Ruzbeh Mirmoayadi und Mohammad Salamat, in einem aus zig Perserteppichen von Ausstatterin Nicole Adis untergründeten Verschlag (Garage, Keller) hausend, demonstrieren dem zu ihnen vordringenden Publikum durch warmherzige Küsse und einladende Begrüßungsworte Offenheit und Gastfreundschaft. Man kriegt die Schuhe ausgezogen, und es werden Tee, Zucker und Apfelstücke rumgereicht...
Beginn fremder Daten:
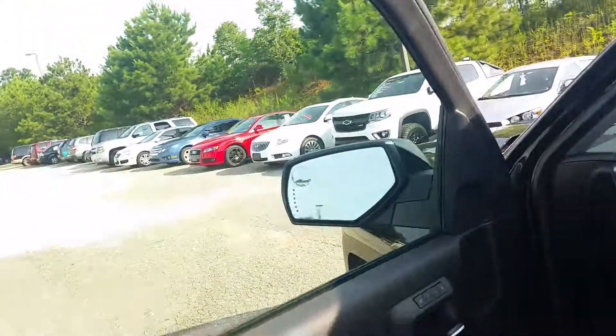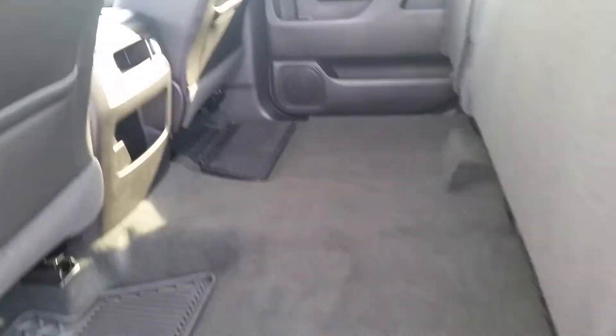I'm going to go in here and show you the black-on-black interior as well as the exterior. You have the WeatherTech mats here. These seats do come up, giving you additional space here.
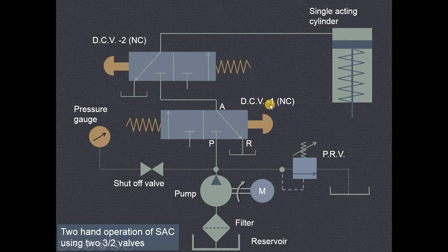This is direction control valve 1. NC stands for normally closed, so this valve is normally closed. Here also this is another direction control valve which is also normally closed. It is a three-by-two valve, so there are three ways: pump port P, cylinder port A, and reservoir port R. When the operation is performed, both hands of the operator will be engaged in pressing this particular push button, and therefore safety will be ensured.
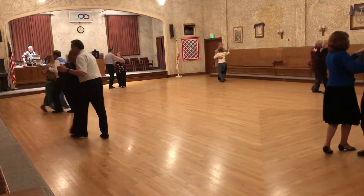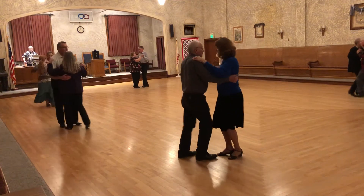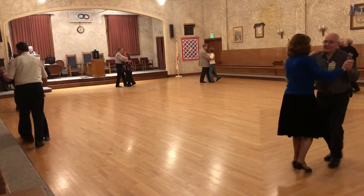Great diving forward, face line, dip and recover, left turning box. Come on.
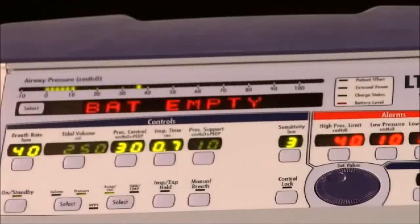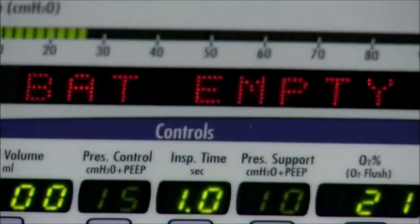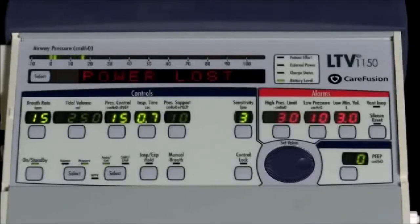When a battery empty alarm occurs, the battery level LED is red. The battery empty message is displayed and the audible alarm is sounded. When the battery reaches the empty level, the ventilator will run for approximately five minutes at nominal settings. To temporarily silence the battery empty alarm, press the silence/reset button. The power low alarm occurs when the ventilator is operating on external battery power and the voltage drops to the low level. The power low message is flashed in the display window, the external power LED is yellow, and the audible alarm is sounded. To reset the power low alarm, press the silence/reset button twice.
Die beiden Schauspieler plaudern aus ihrem Leben:

Ruzbeh's Eltern waren Schah-Gegner und wirkten in der Illegalität; nachdem der Schah gestürzt war und die Iranische Revolution der Islamischen Revolution wich, mussten sie das Land Hals über Kopf verlassen und wählten die damalige UdSSR zu ihrem Wahl-Exil; Ruzbeh kam in Usbekistan zur Welt, ja und er hatte seither nie/noch nie das Heimatland von seinen Eltern gesehen... Er trommelt auf der Tombak, und er träumt von seiner Großmutter, die er vielleicht mal eines Tages im Iran besucht...

Mohammad klingt da etwas nüchterner; sein familiärer Backround hat nicht diese intellektuellen und aufklärerischen Wurzeln wie diejenigen von seinem Schauspielfreund... Auch war er selbst schon paar mal im Iran, und er berichtet von entzaubernden Realitätserfahrungen, dass also beispielsweise Hunger, Not und Mangel in dem Land (das vom US-Embargo wirtschaftlich fast in die Knie gezwungen worden war) vorherrschen.

Beide Männer - keine Flüchtlinge, natürlich nicht - haben in Deutschland "ordentlich" das Schauspielfach studiert.

Sie singen und tanzen...

Zum Schluss [vielleicht auch analog zum Ende ihres Schauspielstudiums an der Ludwigsburger Akademie für Darstellende Kunst] wird ein sattsam bekanntes "morgenländisches" Klischee herstrapaziert: Vom Typ her, hieß es da verarscherisch, wären der Eine oder Andere die eigentliche Idealbesetzung, um (im Kino) Terroristen, Selbstmordattentäter, Dschiadisten und IS-Kämpfer glaubwürdig zu verkörpern...

Biografisches Theater.

Stark, authentisch, und auch gut gespielt.

[Erstveröffentlicht auf KULTURA-EXTRA am 08.05.2016.]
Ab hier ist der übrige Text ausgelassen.